* Task details
What is needed is a word-for-word copy of all the entries, minus the pictures.

[Data items]
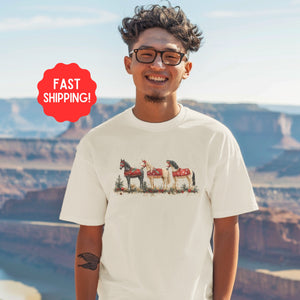 Three Horse Farm Animal Western Shirt, Comfort Colors Farming Christmas Tshirt Horse Lover Tee, Gift For Farmers - T-Shirt - Chromatic Safari - Ivory - S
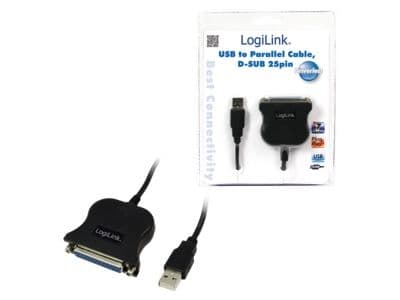 LogiLink USB / D-SUB 25 sovitinkaapeli, 1.8m, 1,8 m, USB, D-sub (DB-25), Sort, Hanstik/Hunstik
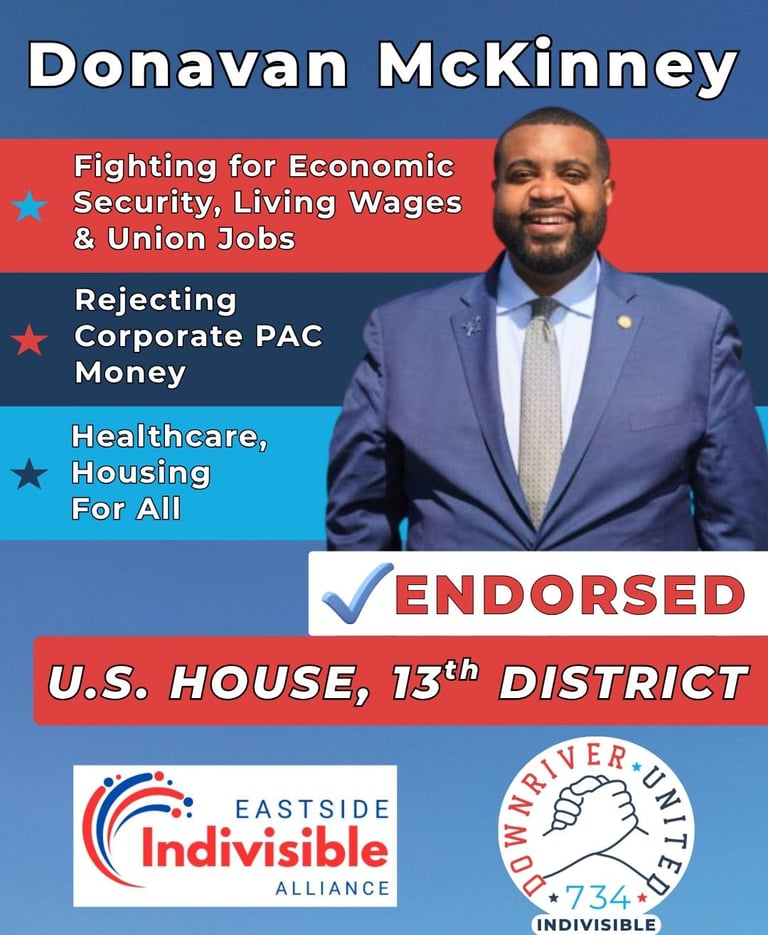 Eastside Indivisible Alliance and Downriver United Indivisible 734 endorse Donavan McKinney
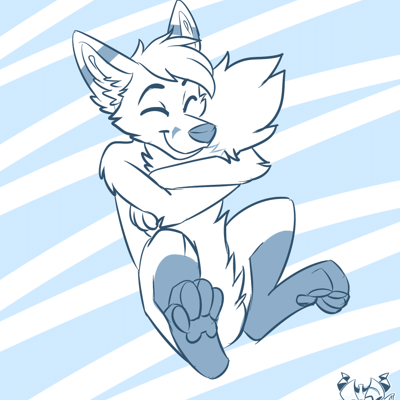 Kobaj snuggling his tail.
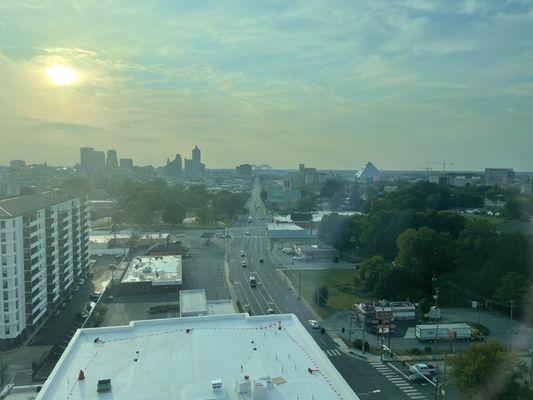 View of downtown from my kids room.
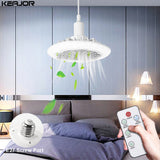 Ceiling Fan With Lights and Remote Control E27 Converter Base Dual-Purpose LED Fan Lamp Smart Silent Ceiling Fans For Bedroom
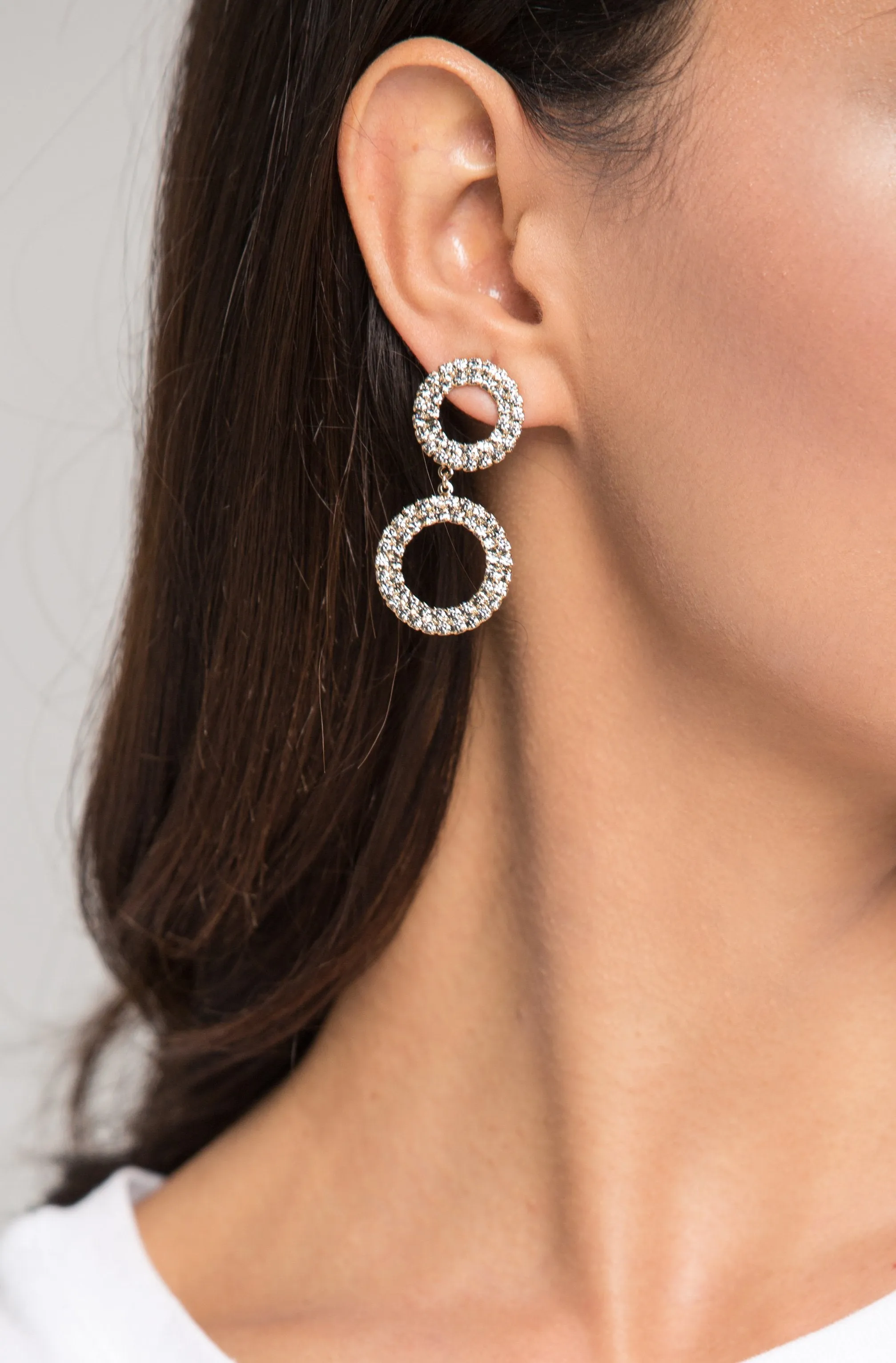 Circle Studded Drop Earrings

* Written answer
 Three Horse Farm Animal Western Shirt, Comfort Colors Farming Christmas Tshirt Horse Lover Tee, Gift For Farmers - T-Shirt - Chromatic Safari - Ivory - S
 LogiLink USB / D-SUB 25 sovitinkaapeli, 1.8m, 1,8 m, USB, D-sub (DB-25), Sort, Hanstik/Hunstik
 Eastside Indivisible Alliance and Downriver United Indivisible 734 endorse Donavan McKinney
 Kobaj snuggling his tail.
 View of downtown from my kids room.
 Ceiling Fan With Lights and Remote Control E27 Converter Base Dual-Purpose LED Fan Lamp Smart Silent Ceiling Fans For Bedroom
 Circle Studded Drop Earrings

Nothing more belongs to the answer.